Task instructions = All of the records below are to be given again word for word, with the pictures removed.

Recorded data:

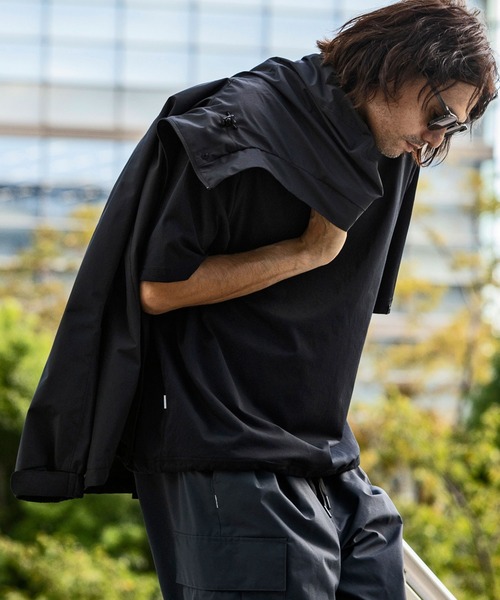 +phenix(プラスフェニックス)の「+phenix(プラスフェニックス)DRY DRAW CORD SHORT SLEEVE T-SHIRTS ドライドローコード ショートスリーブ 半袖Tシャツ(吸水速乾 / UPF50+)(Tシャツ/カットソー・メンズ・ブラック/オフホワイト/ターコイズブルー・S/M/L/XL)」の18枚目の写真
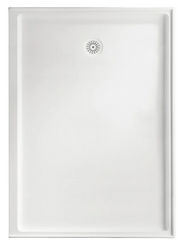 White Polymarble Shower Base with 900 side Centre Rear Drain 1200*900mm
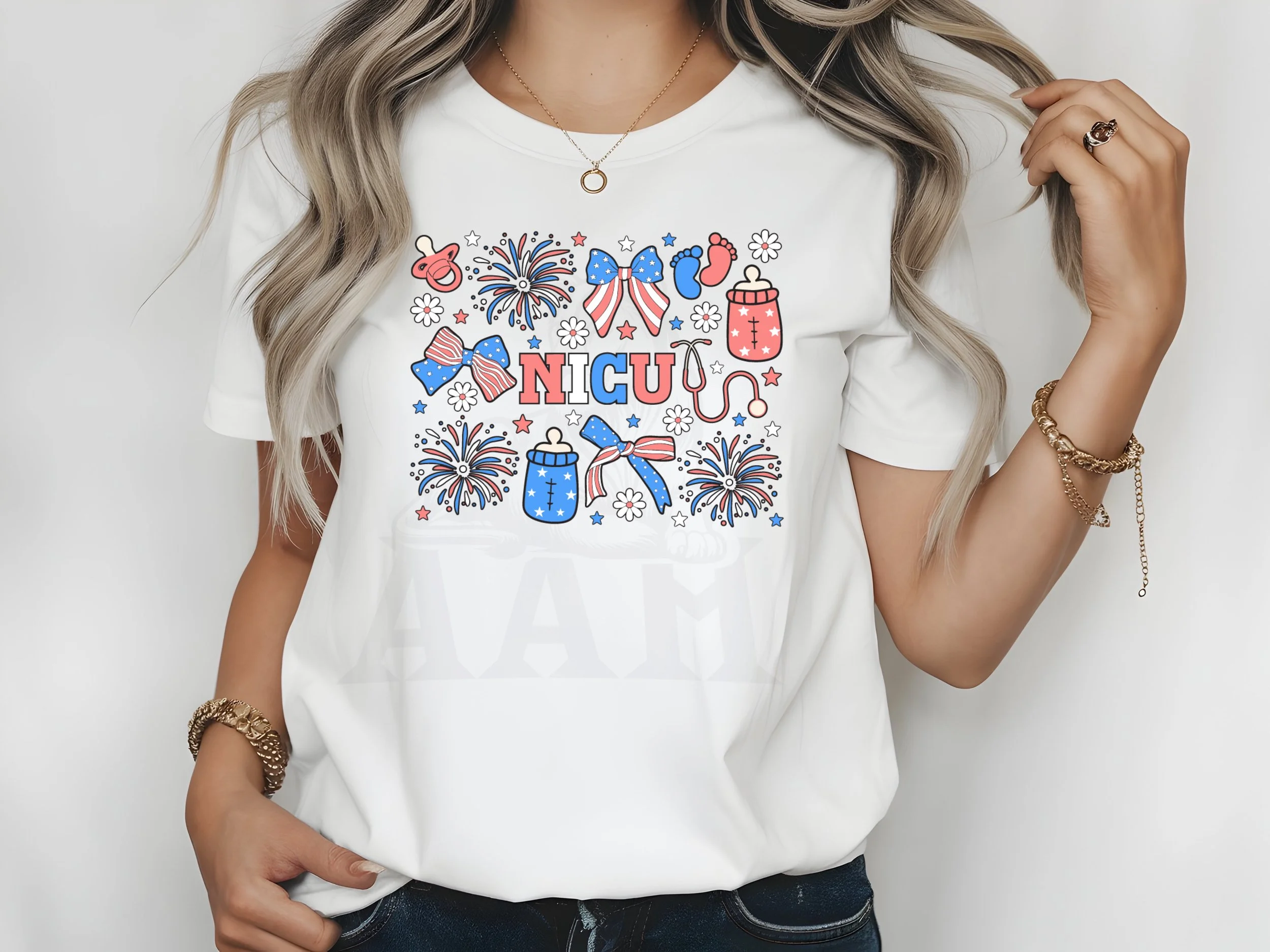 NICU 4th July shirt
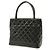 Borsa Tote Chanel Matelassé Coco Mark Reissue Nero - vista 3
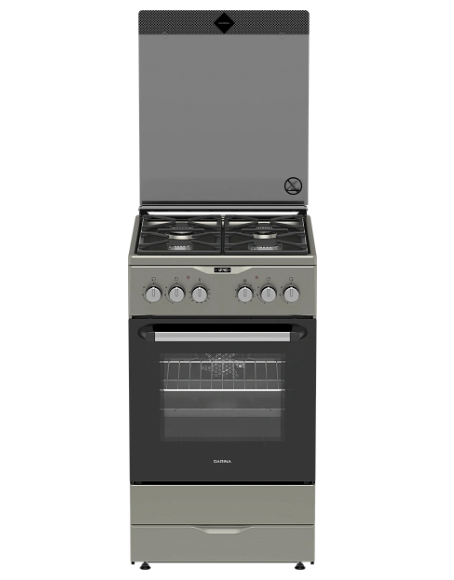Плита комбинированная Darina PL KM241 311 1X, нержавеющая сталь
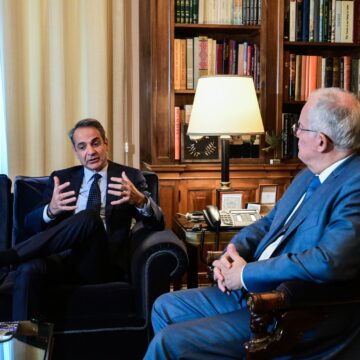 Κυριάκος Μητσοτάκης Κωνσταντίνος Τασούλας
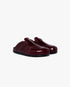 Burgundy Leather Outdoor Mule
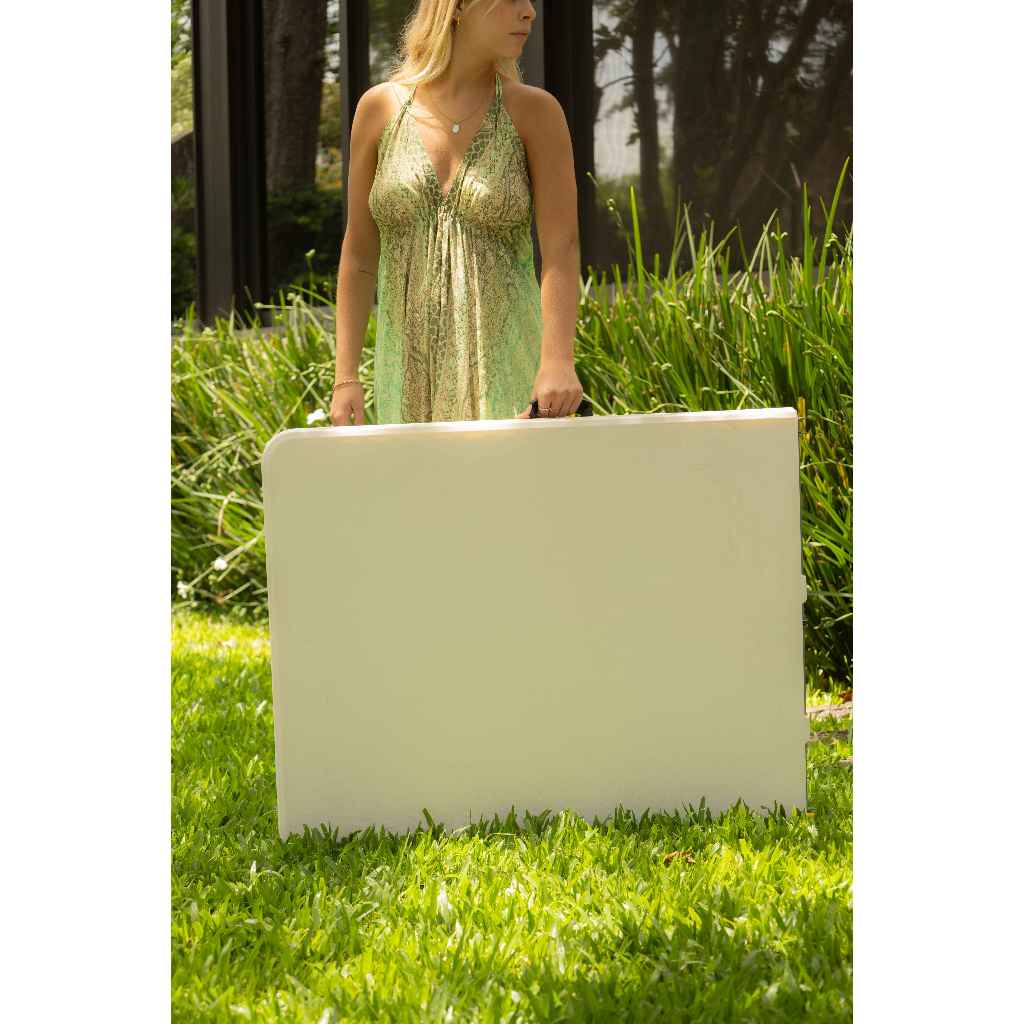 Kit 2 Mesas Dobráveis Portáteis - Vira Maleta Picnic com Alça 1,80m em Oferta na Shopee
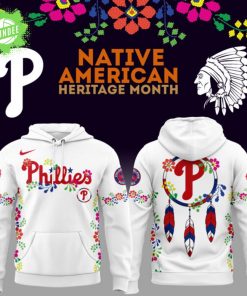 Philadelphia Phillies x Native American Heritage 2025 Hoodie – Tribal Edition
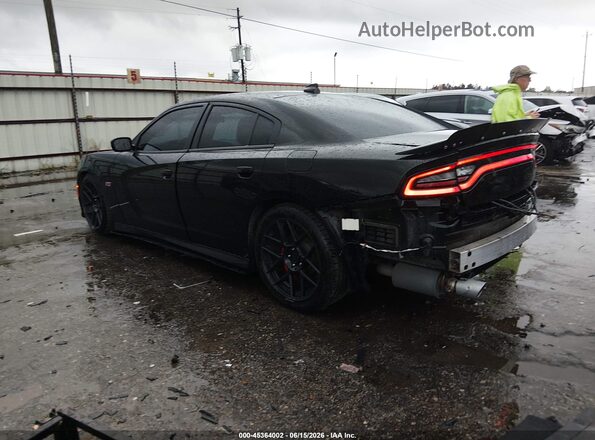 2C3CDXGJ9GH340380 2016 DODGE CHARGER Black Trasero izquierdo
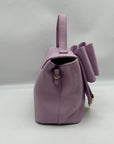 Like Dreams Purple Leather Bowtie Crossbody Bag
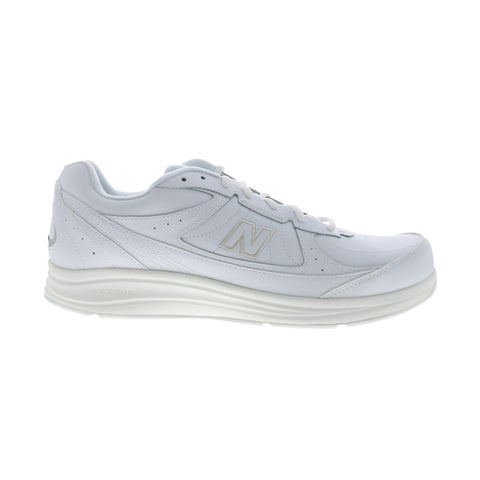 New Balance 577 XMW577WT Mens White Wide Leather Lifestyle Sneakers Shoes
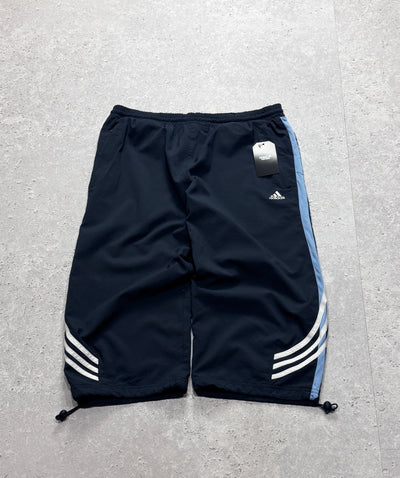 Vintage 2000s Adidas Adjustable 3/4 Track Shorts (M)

Written answer =
 +phenix(プラスフェニックス)の「+phenix(プラスフェニックス)DRY DRAW CORD SHORT SLEEVE T-SHIRTS ドライドローコード ショートスリーブ 半袖Tシャツ(吸水速乾 / UPF50+)(Tシャツ/カットソー・メンズ・ブラック/オフホワイト/ターコイズブルー・S/M/L/XL)」の18枚目の写真
 White Polymarble Shower Base with 900 side Centre Rear Drain 1200*900mm
 NICU 4th July shirt
 Borsa Tote Chanel Matelassé Coco Mark Reissue Nero - vista 3
Плита комбинированная Darina PL KM241 311 1X, нержавеющая сталь
 Κυριάκος Μητσοτάκης Κωνσταντίνος Τασούλας
 Burgundy Leather Outdoor Mule
 Kit 2 Mesas Dobráveis Portáteis - Vira Maleta Picnic com Alça 1,80m em Oferta na Shopee
 Philadelphia Phillies x Native American Heritage 2025 Hoodie – Tribal Edition
 2C3CDXGJ9GH340380 2016 DODGE CHARGER Black Trasero izquierdo
 Like Dreams Purple Leather Bowtie Crossbody Bag
 New Balance 577 XMW577WT Mens White Wide Leather Lifestyle Sneakers Shoes
 Vintage 2000s Adidas Adjustable 3/4 Track Shorts (M)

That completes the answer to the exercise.